Write out exactly the lines of the entries below from the one holding "Commercial rooftop solar" to the one holding "Persona sentada sobre", inclusive, and leave out all other lines.
** Opening Available data block **
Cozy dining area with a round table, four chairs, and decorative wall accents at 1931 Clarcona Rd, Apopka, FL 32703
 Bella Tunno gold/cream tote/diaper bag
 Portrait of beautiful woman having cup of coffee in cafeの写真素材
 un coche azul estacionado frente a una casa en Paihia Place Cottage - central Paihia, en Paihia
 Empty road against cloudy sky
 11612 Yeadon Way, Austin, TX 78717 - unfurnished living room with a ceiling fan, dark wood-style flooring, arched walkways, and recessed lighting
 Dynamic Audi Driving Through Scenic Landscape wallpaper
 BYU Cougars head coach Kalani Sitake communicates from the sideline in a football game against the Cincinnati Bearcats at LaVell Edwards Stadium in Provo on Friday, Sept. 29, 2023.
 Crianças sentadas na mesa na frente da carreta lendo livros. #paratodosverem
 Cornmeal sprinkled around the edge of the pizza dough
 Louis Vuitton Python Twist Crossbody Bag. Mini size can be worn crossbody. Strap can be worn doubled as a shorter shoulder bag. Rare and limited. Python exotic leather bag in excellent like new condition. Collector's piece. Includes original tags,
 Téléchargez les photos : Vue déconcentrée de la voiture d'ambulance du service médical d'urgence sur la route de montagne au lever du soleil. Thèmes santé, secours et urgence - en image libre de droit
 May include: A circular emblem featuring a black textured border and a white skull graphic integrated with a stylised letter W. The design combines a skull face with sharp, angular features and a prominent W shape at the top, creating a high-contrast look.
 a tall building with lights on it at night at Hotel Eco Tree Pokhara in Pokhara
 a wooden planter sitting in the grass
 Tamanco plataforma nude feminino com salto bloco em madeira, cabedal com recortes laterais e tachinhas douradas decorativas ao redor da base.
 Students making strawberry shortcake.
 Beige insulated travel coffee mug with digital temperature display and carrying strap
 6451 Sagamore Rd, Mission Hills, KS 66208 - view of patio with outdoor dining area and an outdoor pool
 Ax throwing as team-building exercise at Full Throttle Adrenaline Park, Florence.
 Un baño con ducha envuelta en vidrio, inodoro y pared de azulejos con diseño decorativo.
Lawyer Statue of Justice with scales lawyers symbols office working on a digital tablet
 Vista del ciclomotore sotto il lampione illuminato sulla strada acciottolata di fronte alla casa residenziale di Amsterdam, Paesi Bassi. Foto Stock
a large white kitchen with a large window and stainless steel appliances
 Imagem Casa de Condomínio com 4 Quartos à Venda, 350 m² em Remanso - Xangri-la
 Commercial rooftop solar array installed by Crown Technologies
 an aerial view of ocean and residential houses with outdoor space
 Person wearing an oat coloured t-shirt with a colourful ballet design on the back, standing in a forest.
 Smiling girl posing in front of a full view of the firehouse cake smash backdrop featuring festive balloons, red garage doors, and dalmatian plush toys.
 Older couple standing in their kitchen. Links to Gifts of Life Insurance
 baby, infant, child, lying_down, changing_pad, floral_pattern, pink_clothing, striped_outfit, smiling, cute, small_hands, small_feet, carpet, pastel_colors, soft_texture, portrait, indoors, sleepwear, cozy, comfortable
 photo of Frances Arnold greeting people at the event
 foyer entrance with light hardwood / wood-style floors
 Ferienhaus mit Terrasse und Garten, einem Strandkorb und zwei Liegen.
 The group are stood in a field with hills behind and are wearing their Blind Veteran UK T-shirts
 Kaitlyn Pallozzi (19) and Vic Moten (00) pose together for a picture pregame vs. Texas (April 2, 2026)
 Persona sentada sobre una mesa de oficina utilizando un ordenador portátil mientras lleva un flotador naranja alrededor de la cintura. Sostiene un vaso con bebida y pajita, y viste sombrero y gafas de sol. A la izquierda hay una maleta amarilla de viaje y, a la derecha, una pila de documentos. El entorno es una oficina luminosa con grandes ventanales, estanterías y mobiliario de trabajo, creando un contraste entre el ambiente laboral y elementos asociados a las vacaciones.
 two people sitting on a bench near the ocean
** Closing Available data block **
• Reply
 Commercial rooftop solar array installed by Crown Technologies
 an aerial view of ocean and residential houses with outdoor space
 Person wearing an oat coloured t-shirt with a colourful ballet design on the back, standing in a forest.
 Smiling girl posing in front of a full view of the firehouse cake smash backdrop featuring festive balloons, red garage doors, and dalmatian plush toys.
 Older couple standing in their kitchen. Links to Gifts of Life Insurance
 baby, infant, child, lying_down, changing_pad, floral_pattern, pink_clothing, striped_outfit, smiling, cute, small_hands, small_feet, carpet, pastel_colors, soft_texture, portrait, indoors, sleepwear, cozy, comfortable
 photo of Frances Arnold greeting people at the event
 foyer entrance with light hardwood / wood-style floors
 Ferienhaus mit Terrasse und Garten, einem Strandkorb und zwei Liegen.
 The group are stood in a field with hills behind and are wearing their Blind Veteran UK T-shirts
 Kaitlyn Pallozzi (19) and Vic Moten (00) pose together for a picture pregame vs. Texas (April 2, 2026)
 Persona sentada sobre una mesa de oficina utilizando un ordenador portátil mientras lleva un flotador naranja alrededor de la cintura. Sostiene un vaso con bebida y pajita, y viste sombrero y gafas de sol. A la izquierda hay una maleta amarilla de viaje y, a la derecha, una pila de documentos. El entorno es una oficina luminosa con grandes ventanales, estanterías y mobiliario de trabajo, creando un contraste entre el ambiente laboral y elementos asociados a las vacaciones.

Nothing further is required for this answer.